Its recommendations bear some similarities to H.R. 22, the postal reform legislation authored by Rep. John McHugh, R-NY. However, unlike H.R. 22, the commission did not duck any sensitive issues. But, first, let’s outline some of the major recommendations:
Governance: “a world class, business oriented postal service requires a world class, business oriented Board.” The commission suggests a 12-person Board of Governors, with eight independent members, three presidential appointees and the postmaster general. It established qualifications, including “significant financial and business expertise managing major corporate enterprises and other large organizations.”
The commission also suggests a three-year term with the possibility of reappointment and a mandatory retirement age of 70. Another recommendation is to reduce the monthly two-day meetings to six regular annual meetings. In other words, the commission wants the board to transform itself into one worthy of a $70 billion corporation.

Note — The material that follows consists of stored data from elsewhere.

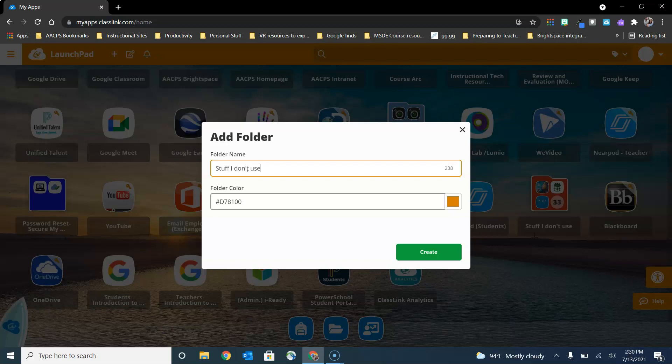We do not allow staff or students to delete applications that are pushed out from the district from their ClassLink because it prevents students from deleting apps that they need.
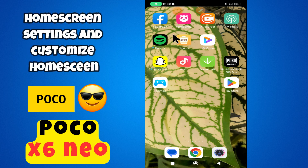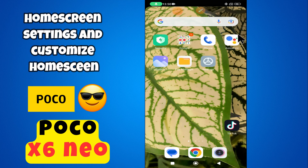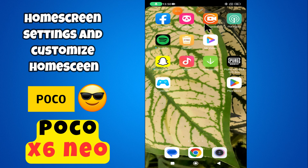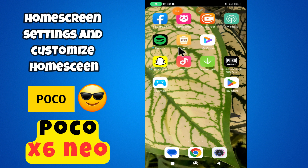Hi everyone, in today's video I'm going to tell you how to manage home screen settings in your device POCO X6 Neo. In this video I'm going to show you how to customize the home screen.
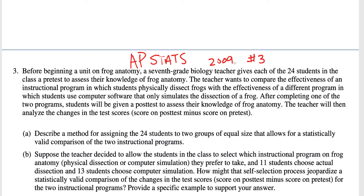This is the 2009 AP Stats free response question number three. Go ahead and pause the video and read the question if you need to. For those of us that have already read it, we're going to move on to part A.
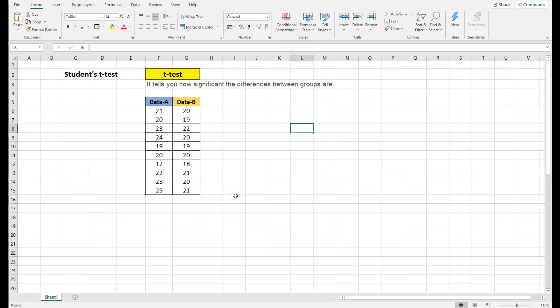Hi everyone, today I'm going to talk about the student t-test, or simply the t-test. I will tell you what a t-test is and how we can perform a t-test in Excel. Before you watch this video you might feel it's a very difficult, complicated test, but I can assure you that after you watch this video you will feel that it's a really simple test. So let's see what the t-test is.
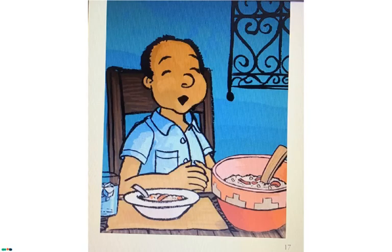That doesn't sound very good. There's dad loving his red dish food.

A second key element of governance involves the regulator. A Postal Regulatory Board would replace the existing Postal Rate Commission. This regulatory board would have three members instead of the current five. According to the commission, board members should have “backgrounds in areas relevant to the regulation of large, complex business entities … selected solely on the basis of demonstrated expertise and professional standing.” The commission would expand the board’s powers, including to:
· Ensure the financial transparency of the USPS.
· Establish rate ceiling increases for USPS noncompetitive products.
· Ensure that competitive products are not cross-subsidized by noncompetitive ones.
· Guarantee that the USPS meets its universal service obligation.
· Keep the USPS focused on traditional products and services.
· Review the postal monopoly for its public benefit and, if circumstances warrant, narrow it over time.
Rate setting. Like previously proposed simplifications of the rate-making process, the commission’s recommendations would give the postal service more freedom to set rates as long as it stayed within guidelines set by the regulatory board.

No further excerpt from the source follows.